By Cody Newill
KANSAS CITY, Mo. — The state of Kansas City’s mental health care services is dire, according to a forthcoming new documentary.
Journalist and documentary filmmaker Michael Price’s “Lost Minds: KC’s Mental Health Crisis” focuses on the growing number of confrontations between people with mental illness and police on Kansas City’s streets. The locally produced documentary airs at 8 p.m. Wednesday, Oct. 1, on KCPT.
There are five professional mental health liaisons in Kansas City, Mo., who ride along with Kansas City Police Department officers once a month to visit with mentally ill Kansas Citians — residents who could pose a danger to themselves and others.
In an interview with Steve Kraske on KCUR’s “Up to Date,” Price said the liaisons are dealing with nearly three times the number of cases they ordinarily would oversee. And that means they aren’t getting enough time to help individuals who need their attention most.
“They’re being asked to swim against a tsunami,” Price said. “In the 10 months up to last July, KCPD Crisis Intervention Team (CIT) officers and liaisons dealt with nearly 60 incidents where a mentally ill person was in crisis and armed with a weapon.”
Though liaisons are overwhelmed, KCPD officers have been receiving crisis intervention team training to learn how to de-escalate confrontations with mentally ill individuals. “Rather than rolling out of their cop cars with guns pulled, CIT-trained officers try to talk people down,” Price said. “Unfortunately, only 15 percent of law enforcement agencies in the U.S. offer this kind of training.”

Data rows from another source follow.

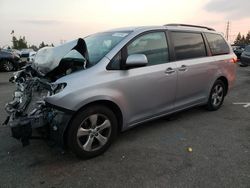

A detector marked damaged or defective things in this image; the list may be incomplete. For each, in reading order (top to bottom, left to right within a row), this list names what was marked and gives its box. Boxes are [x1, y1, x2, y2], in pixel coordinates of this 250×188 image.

front bumper damage [3, 67, 72, 148]
damaged front end [3, 38, 88, 147]
bent hood [32, 38, 88, 75]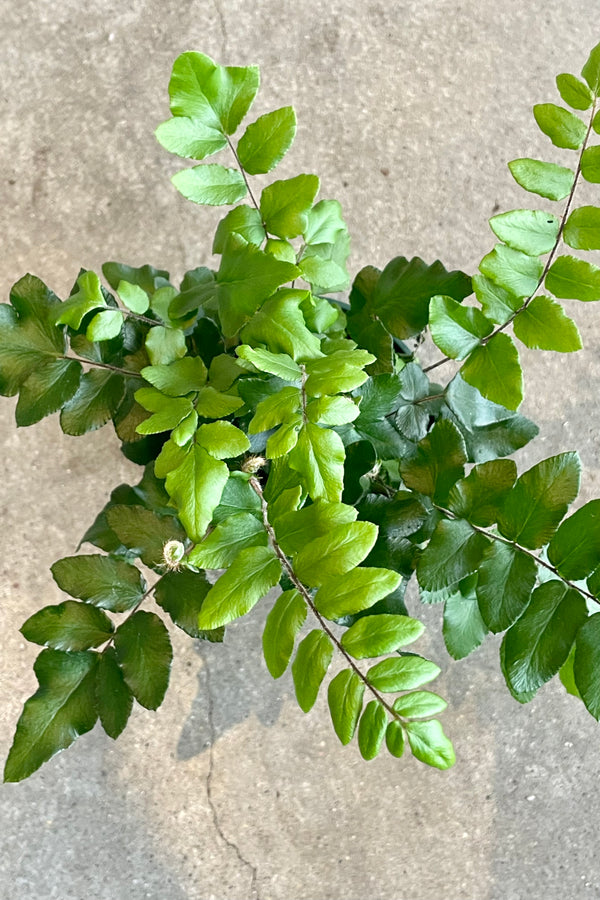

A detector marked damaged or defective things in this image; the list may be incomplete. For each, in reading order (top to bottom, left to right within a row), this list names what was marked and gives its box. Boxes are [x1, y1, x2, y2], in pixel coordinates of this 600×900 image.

crack in concrete [204, 656, 260, 896]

One of the biggest obstacles to improving mental health care is funding. Missouri state Sen. Kiki Curls, who sits on the Senate’s appropriations committee, told “Up to Date” that politics often comes into play when dealing with funding for mental health care.

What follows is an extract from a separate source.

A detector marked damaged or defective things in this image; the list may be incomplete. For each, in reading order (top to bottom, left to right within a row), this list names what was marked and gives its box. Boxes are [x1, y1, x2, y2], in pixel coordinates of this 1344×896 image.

“I think everyone recognizes that this is a critical issue,” Curls said. “But even this year, there was money that was vetoed by Gov. Jay Nixon, and specifically a project here in Kansas City to create a crisis stabilization center.”
Dr. Keith Schafer, director of the Missouri Department of Mental Health, agreed that more funding is needed for mental health services. Schafer told “Up to Date” that expanding Medicaid under the Affordable Care Act, which the Missouri Legislature has not done, would help extend mental health care to more individuals.

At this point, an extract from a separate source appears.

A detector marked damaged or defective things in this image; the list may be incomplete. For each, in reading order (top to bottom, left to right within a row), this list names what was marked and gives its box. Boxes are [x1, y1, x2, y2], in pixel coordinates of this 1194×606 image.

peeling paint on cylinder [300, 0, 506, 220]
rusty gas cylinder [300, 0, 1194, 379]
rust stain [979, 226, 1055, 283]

“If we would expand Medicaid in this state, 300,000 people would get benefits, and 50,000 of those people need mental health or substance abuse help,” Schafer said. “It is the greatest issue in the state of Missouri, in terms of resources [for mental health care].”
While Price agreed that Medicaid expansion would greatly help, he said the situation on the streets requires more immediate action and could be done for much less money.
“For each liaison to go out twice a week with a police escort would cost $20,000 a year,” Price said. “Relatively speaking, that’s peanuts [compared to Medicaid expansion].”